### Data for processing

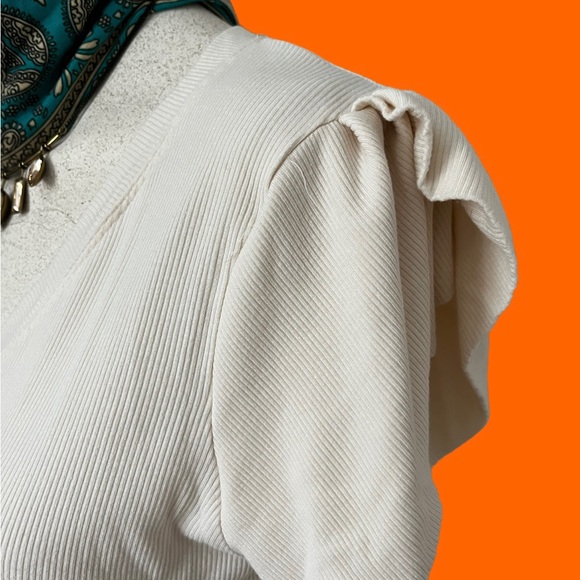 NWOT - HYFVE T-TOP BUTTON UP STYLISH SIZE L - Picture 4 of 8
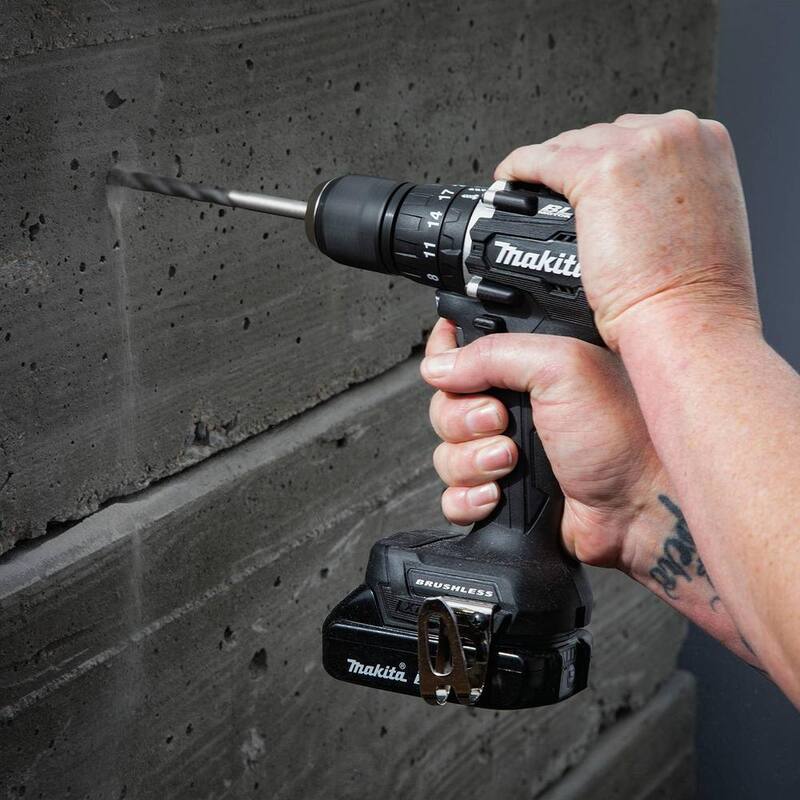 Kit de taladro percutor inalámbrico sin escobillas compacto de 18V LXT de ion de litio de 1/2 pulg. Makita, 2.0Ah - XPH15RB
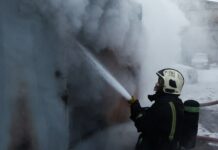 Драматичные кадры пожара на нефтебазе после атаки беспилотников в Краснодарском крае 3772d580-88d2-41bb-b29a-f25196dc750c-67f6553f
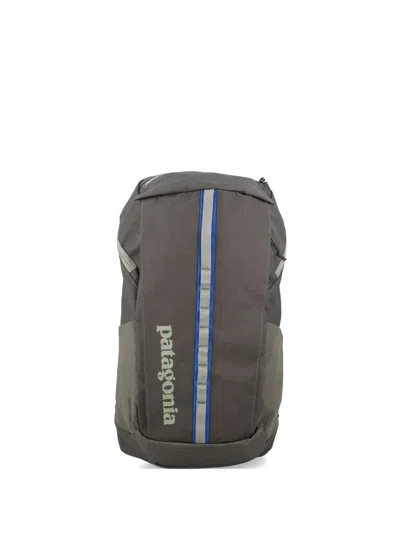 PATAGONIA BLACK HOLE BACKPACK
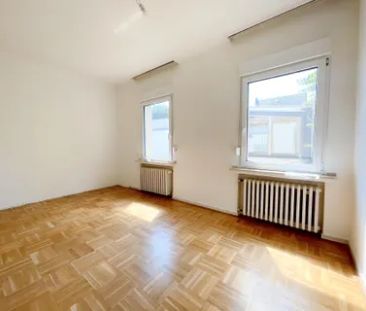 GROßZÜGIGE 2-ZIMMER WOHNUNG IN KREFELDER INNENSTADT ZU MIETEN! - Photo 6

######

▶ Task details:
Return all the entries word for word, but omit any pictures they contain.

▶ Answer to this exercise:
 NWOT - HYFVE T-TOP BUTTON UP STYLISH SIZE L - Picture 4 of 8
 Kit de taladro percutor inalámbrico sin escobillas compacto de 18V LXT de ion de litio de 1/2 pulg. Makita, 2.0Ah - XPH15RB
 Драматичные кадры пожара на нефтебазе после атаки беспилотников в Краснодарском крае 3772d580-88d2-41bb-b29a-f25196dc750c-67f6553f
 PATAGONIA BLACK HOLE BACKPACK
 GROßZÜGIGE 2-ZIMMER WOHNUNG IN KREFELDER INNENSTADT ZU MIETEN! - Photo 6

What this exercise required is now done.